Even if Gaddafi, out of character, orders his aircraft or ground installations not to engage the foreign forces from here on, or they revolt out of fear or relief, that is not the end of it.
Any military operation requires strict adherence to what are called Rules of Engagement (RoE) that determine the instances in which force can be used. At its most rudimentary level this is often “don’t fire unless fired upon” and in the instance of a no-fly zone includes sufficient numbers of warning to any unauthorized aircraft.
But these rules rarely account for moral considerations that an individual soldier – or pilot – might encounter.
For example, an aircraft policing a no-fly zone might spot a helicopter gunship mowing down citizens as has been a frequent occurrence during the turmoil. Should that pilot wait to deliver perhaps the required three warnings or should they shoot down the gunship immediately?
What about if a pilot spots an equally horrific massacre of innocent civilians by ground forces? According to the principles of a running not setting up a no-fly zone generally they would be required to stand idly by. But should they? Could they? Would they?
Pilots are humans too and you can expect them to have a human response. The danger is that one overreach on the principles of a no-fly zone compels an escalation in the method of intervention by the Western forces to something more than simply monitoring the skies.
But that is not necessarily a bad thing.
The no-fly zone is a relatively painless first step that is serving as a dramatic warning to the despot leader to back down.
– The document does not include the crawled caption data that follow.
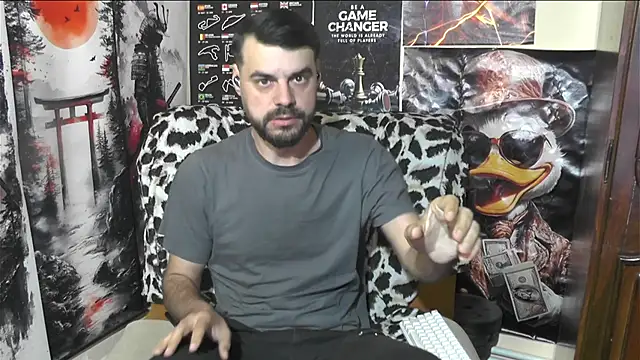Snapshot of 00george chatting on April 18, 2026, 4:49 am 00george online show from April 18, 2026, 4:49 am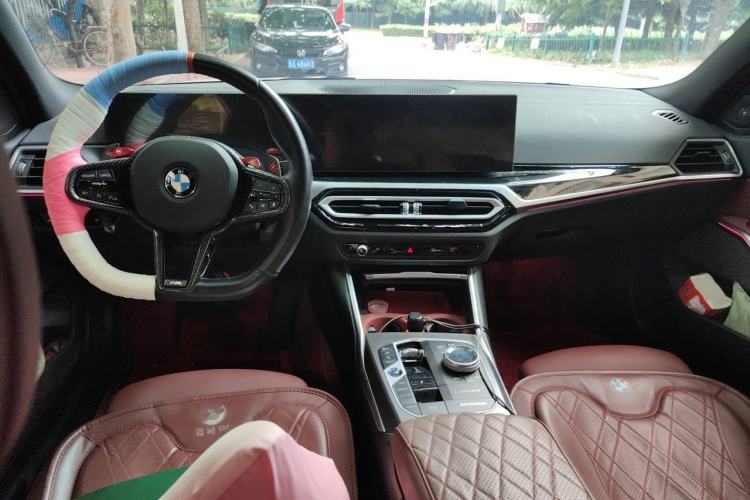 Used BMW 3 Series 2024 325i M Sport Night Edition Package Center Console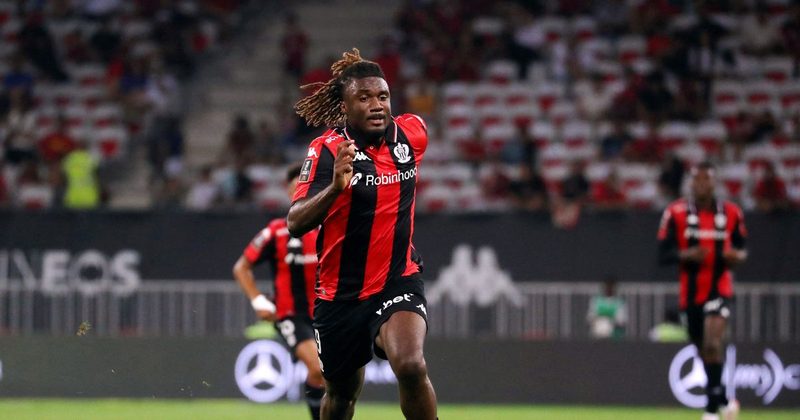 L'OGC Nice annonce le transfert de Terem Moffi à Hambourg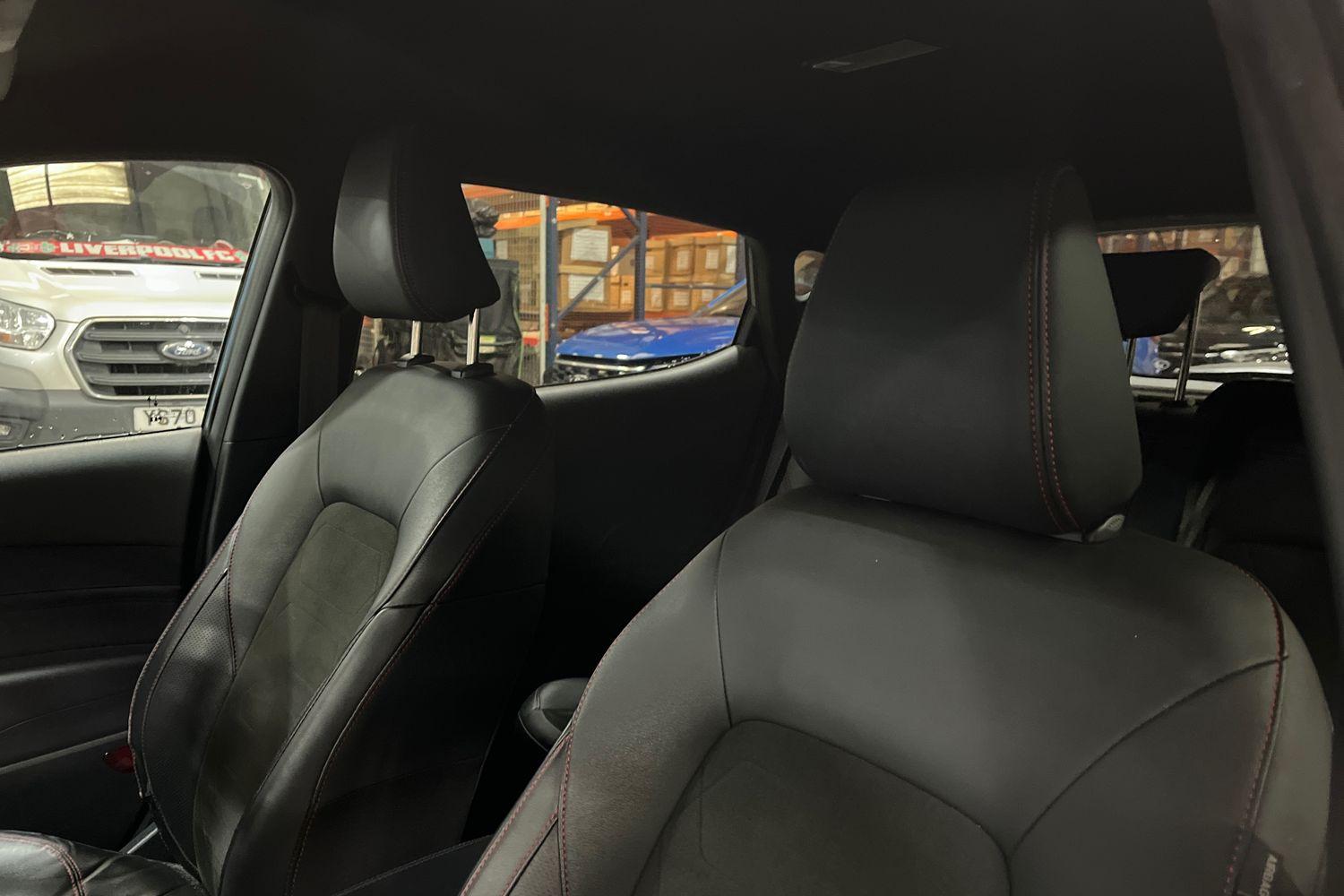 Ford FIESTA Photo 18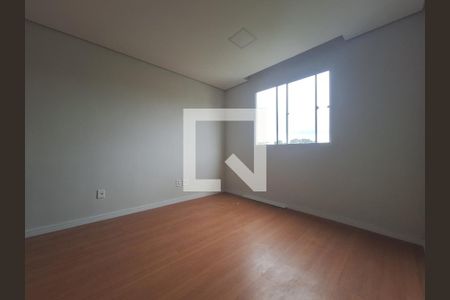 Apartamento para alugar com 2 quartos, 41m² em Parque Santa Rosa, Suzano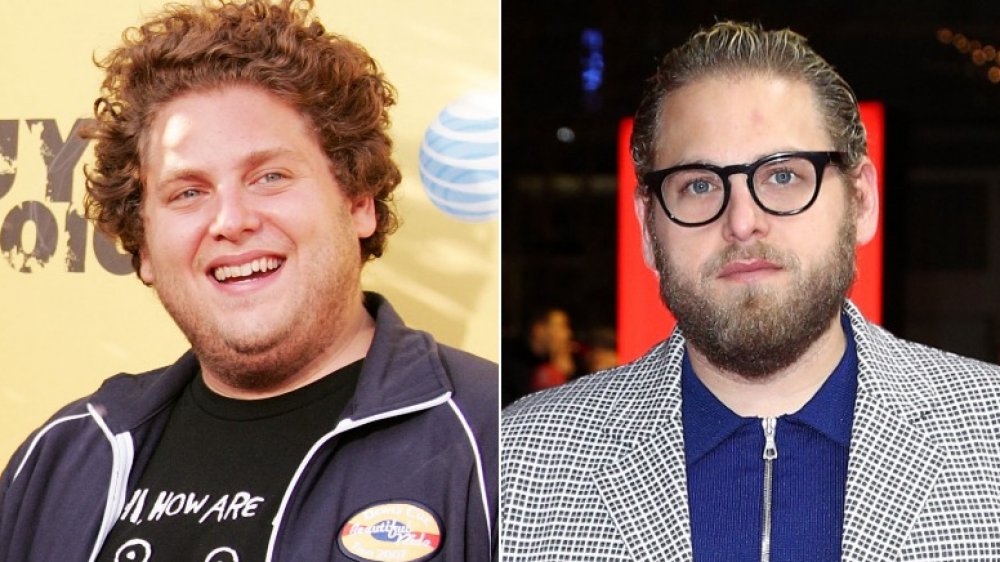 Young Jonah Hill sonriendo a la izquierda, Jonah Hill con gafas negras a la derecha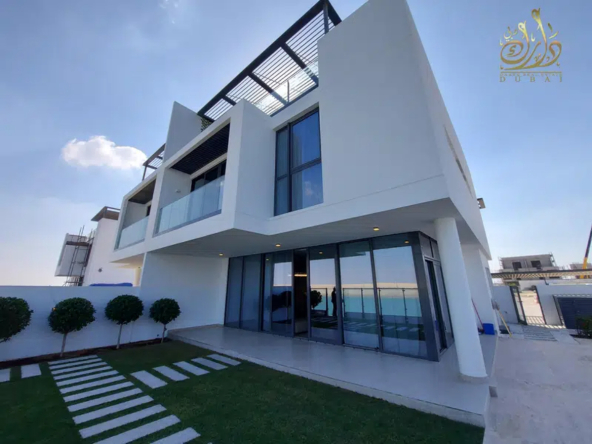 Beach Front 4 Bedroom Villa for Sale in Sharjah Water Front City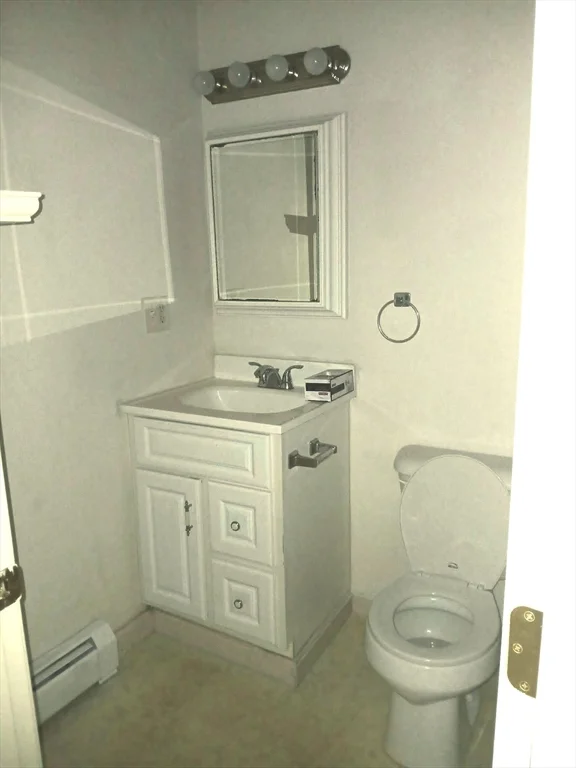 2 bed, 1 bath apartment for rent at 215 Walnut St Unit 11, New Bedford — photo 5 of 6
Gaddafi’s departure is widely considered the circuit breaker of the situation. And on balance with an American F-18 now occasionally screaming over his palace he is more likely to want to get out of the country.
Ultimately it is a game of risk. Whether it will take a no-fly zone in its current form or an escalation to a full scale air campaign to knock down Gaddafi we don’t know. This is what we saw with Operation Deny Flight, the UN sanctioned no-fly zone imposed over Bosnia between 1993-95, that was expanded to include close air support and coercive air strikes.
But both are much less costly, lengthy, bloody and confronting than a land campaign with troops that would have the sniff of an occupying force and President Obama has rejected outright.
We should remember that at the end of the day, the Libyans themselves were crying out for change and we have a responsibility to not stand idly by as a humanitarian crisis unfolded.
In international affairs there is a widely accepted doctrine of the Responsibility to Protect (R2P) championed by former Foreign Minister Gareth Evans. Under certain conditions the international community has a responsibility to override sovereignty to protect the citizens of other countries from various atrocities.
The UN’s statement two weeks ago on Libya was the strongest ever endorsement of the R2P principle and provided a strong basis for action even if Russia or China had vetoed rather than abstained from the UN vote as long as there was broad consensus in the international community.
The time for sanctions and the freezing of assets long passed with violence only escalating. With a majority of Western citizens evacuated away from fear of reprisal attacks it was about time we took the next step.
Military options should always be a last resort. But realistically what else was there that we could do?
We should remember that the only thing necessary for the triumph of evil is for good men to do nothing and hold our breath that Gaddafi will back down soon before any escalation occurs.